Saved entries
____

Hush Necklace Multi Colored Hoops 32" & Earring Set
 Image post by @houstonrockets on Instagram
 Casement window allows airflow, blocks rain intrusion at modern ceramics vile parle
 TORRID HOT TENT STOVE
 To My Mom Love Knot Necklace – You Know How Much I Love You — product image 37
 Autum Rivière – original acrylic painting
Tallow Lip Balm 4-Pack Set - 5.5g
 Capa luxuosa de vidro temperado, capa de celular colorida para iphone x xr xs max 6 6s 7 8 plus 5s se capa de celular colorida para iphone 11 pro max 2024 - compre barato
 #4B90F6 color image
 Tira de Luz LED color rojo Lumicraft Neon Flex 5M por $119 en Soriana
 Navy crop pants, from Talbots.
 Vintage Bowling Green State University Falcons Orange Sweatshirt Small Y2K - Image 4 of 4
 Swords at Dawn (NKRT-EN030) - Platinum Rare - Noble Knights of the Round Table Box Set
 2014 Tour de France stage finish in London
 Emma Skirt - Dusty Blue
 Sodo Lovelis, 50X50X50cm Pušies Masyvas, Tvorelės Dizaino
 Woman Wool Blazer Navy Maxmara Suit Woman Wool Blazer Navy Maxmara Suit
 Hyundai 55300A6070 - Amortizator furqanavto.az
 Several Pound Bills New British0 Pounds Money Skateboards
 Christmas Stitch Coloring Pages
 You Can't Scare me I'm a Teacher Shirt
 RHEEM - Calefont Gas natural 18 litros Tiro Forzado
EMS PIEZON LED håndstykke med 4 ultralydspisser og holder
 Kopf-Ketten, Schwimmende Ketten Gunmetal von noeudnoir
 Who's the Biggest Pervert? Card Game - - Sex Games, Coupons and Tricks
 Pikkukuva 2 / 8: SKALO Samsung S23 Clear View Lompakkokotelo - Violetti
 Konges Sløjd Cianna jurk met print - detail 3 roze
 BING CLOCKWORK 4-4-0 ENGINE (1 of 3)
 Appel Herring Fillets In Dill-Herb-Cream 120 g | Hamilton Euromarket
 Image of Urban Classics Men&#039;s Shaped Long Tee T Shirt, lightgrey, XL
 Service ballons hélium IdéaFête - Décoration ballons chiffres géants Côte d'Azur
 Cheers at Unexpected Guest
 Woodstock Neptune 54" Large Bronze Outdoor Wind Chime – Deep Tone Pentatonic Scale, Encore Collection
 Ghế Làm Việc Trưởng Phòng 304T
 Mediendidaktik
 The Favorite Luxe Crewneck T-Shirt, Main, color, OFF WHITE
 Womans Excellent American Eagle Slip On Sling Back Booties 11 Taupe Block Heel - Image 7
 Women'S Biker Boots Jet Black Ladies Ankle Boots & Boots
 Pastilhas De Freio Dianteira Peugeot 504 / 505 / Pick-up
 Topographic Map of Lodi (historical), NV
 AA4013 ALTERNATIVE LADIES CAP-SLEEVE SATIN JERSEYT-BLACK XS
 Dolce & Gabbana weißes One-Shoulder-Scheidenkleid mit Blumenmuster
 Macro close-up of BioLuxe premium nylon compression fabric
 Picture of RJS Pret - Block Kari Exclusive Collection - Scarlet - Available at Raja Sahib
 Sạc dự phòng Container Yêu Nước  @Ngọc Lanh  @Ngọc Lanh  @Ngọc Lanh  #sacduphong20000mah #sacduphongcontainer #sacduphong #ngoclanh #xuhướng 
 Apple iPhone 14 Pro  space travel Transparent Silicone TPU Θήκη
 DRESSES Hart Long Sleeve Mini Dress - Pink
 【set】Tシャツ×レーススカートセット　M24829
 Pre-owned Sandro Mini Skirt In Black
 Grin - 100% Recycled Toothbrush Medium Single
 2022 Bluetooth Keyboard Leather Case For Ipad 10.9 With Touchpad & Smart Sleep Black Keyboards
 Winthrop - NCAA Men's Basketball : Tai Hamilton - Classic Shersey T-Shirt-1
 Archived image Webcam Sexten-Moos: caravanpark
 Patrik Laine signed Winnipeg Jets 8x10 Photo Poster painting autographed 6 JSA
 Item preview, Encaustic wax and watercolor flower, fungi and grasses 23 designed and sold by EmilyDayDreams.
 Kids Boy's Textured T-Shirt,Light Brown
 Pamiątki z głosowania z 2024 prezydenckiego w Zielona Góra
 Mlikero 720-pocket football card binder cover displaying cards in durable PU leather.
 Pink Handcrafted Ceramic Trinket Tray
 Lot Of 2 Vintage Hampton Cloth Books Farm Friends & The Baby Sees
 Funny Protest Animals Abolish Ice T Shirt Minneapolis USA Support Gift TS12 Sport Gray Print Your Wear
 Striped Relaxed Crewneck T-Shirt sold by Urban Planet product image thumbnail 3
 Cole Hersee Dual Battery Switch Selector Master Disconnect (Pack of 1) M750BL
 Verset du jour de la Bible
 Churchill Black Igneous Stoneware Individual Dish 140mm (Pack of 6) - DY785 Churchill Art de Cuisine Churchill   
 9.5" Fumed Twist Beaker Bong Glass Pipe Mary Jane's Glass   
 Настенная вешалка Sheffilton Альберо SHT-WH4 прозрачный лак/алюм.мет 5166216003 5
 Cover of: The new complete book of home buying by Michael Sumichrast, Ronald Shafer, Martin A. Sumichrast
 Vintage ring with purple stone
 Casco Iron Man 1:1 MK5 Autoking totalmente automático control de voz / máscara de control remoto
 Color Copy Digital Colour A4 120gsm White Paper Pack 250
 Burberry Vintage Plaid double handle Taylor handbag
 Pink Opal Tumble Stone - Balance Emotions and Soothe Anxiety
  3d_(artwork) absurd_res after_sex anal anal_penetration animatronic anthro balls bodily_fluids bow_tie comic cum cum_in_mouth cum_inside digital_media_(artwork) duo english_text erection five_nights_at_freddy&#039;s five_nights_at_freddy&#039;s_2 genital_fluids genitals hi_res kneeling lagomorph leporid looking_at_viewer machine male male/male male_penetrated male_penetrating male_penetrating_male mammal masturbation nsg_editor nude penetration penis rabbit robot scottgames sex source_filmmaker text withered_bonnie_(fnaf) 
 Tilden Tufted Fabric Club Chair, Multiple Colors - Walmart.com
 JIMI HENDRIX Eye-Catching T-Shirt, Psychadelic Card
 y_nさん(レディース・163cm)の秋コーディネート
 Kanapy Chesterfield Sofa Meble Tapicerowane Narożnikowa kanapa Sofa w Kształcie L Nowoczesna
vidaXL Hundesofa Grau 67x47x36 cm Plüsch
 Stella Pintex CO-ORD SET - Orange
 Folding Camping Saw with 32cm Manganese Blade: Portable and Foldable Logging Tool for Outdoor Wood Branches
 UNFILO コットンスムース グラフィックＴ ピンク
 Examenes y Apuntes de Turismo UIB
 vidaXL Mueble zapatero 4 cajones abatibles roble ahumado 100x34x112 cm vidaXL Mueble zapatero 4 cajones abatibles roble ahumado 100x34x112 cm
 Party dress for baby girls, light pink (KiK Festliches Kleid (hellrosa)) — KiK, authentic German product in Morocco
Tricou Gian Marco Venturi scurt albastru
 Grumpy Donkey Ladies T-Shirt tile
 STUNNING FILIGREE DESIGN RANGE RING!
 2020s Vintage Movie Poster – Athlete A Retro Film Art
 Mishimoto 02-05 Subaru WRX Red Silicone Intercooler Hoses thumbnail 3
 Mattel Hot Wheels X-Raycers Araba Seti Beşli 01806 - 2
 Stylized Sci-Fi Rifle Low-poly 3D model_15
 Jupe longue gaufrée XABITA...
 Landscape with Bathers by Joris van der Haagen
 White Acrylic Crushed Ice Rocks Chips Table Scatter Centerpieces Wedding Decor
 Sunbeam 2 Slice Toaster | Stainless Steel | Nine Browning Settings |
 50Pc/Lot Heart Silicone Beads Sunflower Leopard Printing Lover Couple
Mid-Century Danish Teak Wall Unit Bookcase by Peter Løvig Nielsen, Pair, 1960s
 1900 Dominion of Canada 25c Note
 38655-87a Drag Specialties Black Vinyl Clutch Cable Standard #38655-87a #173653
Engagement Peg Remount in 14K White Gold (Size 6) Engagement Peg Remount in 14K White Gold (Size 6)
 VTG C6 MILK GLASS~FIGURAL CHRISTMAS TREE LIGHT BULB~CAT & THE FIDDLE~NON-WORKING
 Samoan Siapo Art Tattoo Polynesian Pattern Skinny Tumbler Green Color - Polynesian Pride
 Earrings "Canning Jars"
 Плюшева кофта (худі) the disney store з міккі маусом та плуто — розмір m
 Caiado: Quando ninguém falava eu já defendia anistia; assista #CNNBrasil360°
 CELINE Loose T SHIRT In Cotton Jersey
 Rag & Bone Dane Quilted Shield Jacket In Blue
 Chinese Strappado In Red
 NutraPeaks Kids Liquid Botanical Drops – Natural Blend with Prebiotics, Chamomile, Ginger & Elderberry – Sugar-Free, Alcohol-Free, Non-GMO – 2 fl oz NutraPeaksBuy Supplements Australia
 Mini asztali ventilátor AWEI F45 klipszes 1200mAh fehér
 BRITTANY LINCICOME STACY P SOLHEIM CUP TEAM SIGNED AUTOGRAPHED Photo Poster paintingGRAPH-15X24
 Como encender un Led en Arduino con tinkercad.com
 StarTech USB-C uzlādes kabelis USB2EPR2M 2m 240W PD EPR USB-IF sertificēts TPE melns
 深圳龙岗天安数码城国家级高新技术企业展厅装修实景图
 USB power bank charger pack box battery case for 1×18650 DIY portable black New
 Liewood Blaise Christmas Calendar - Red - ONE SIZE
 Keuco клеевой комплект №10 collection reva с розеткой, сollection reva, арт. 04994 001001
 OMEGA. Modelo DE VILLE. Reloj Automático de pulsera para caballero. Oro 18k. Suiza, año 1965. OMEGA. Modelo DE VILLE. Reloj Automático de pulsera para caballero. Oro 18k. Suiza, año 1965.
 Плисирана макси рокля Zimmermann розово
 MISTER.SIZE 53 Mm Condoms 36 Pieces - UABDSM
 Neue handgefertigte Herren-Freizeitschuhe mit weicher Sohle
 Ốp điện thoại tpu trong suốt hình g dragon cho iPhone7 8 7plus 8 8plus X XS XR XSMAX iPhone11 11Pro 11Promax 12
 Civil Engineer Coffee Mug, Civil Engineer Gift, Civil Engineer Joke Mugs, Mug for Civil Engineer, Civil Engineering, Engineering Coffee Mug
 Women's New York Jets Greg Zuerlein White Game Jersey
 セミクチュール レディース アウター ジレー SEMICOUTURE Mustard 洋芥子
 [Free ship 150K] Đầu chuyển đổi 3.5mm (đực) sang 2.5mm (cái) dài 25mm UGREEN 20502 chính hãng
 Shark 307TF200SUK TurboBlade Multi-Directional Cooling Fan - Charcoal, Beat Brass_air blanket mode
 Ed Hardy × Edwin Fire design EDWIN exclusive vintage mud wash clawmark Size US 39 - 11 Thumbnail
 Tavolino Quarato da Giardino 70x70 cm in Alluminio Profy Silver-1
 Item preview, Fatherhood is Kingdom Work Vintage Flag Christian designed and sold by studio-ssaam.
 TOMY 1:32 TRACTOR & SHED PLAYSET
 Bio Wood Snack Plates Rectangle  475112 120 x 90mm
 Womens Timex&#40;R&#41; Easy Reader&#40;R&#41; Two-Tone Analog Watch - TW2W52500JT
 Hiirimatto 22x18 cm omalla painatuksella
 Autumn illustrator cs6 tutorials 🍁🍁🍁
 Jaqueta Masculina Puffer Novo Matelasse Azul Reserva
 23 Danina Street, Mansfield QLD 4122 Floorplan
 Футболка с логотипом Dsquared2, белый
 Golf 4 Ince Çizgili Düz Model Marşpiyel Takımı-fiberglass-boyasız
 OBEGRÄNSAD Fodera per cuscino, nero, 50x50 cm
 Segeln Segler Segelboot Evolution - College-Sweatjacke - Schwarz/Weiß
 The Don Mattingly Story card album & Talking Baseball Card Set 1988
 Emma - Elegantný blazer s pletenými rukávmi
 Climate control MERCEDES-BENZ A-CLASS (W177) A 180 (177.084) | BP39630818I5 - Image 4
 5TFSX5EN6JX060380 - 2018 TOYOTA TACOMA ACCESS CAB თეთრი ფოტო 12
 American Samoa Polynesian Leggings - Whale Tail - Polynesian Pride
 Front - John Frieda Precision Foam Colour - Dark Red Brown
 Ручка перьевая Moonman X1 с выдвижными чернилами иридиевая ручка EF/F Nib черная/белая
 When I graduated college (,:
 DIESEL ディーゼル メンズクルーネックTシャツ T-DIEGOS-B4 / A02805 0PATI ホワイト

____

> _INSTRUCTIONS FOR THE TASK_
Your reply is to repeat, unchanged, the lines above running from the one with "DRESSES Hart Long Sleeve Mini Dress - Pink" up to and including the one with "Pink Opal Tumble".

> _WRITTEN SOLUTION_
 DRESSES Hart Long Sleeve Mini Dress - Pink
 【set】Tシャツ×レーススカートセット　M24829
 Pre-owned Sandro Mini Skirt In Black
 Grin - 100% Recycled Toothbrush Medium Single
 2022 Bluetooth Keyboard Leather Case For Ipad 10.9 With Touchpad & Smart Sleep Black Keyboards
 Winthrop - NCAA Men's Basketball : Tai Hamilton - Classic Shersey T-Shirt-1
 Archived image Webcam Sexten-Moos: caravanpark
 Patrik Laine signed Winnipeg Jets 8x10 Photo Poster painting autographed 6 JSA
 Item preview, Encaustic wax and watercolor flower, fungi and grasses 23 designed and sold by EmilyDayDreams.
 Kids Boy's Textured T-Shirt,Light Brown
 Pamiątki z głosowania z 2024 prezydenckiego w Zielona Góra
 Mlikero 720-pocket football card binder cover displaying cards in durable PU leather.
 Pink Handcrafted Ceramic Trinket Tray
 Lot Of 2 Vintage Hampton Cloth Books Farm Friends & The Baby Sees
 Funny Protest Animals Abolish Ice T Shirt Minneapolis USA Support Gift TS12 Sport Gray Print Your Wear
 Striped Relaxed Crewneck T-Shirt sold by Urban Planet product image thumbnail 3
 Cole Hersee Dual Battery Switch Selector Master Disconnect (Pack of 1) M750BL
 Verset du jour de la Bible
 Churchill Black Igneous Stoneware Individual Dish 140mm (Pack of 6) - DY785 Churchill Art de Cuisine Churchill   
 9.5" Fumed Twist Beaker Bong Glass Pipe Mary Jane's Glass   
 Настенная вешалка Sheffilton Альберо SHT-WH4 прозрачный лак/алюм.мет 5166216003 5
 Cover of: The new complete book of home buying by Michael Sumichrast, Ronald Shafer, Martin A. Sumichrast
 Vintage ring with purple stone
 Casco Iron Man 1:1 MK5 Autoking totalmente automático control de voz / máscara de control remoto
 Color Copy Digital Colour A4 120gsm White Paper Pack 250
 Burberry Vintage Plaid double handle Taylor handbag
 Pink Opal Tumble Stone - Balance Emotions and Soothe Anxiety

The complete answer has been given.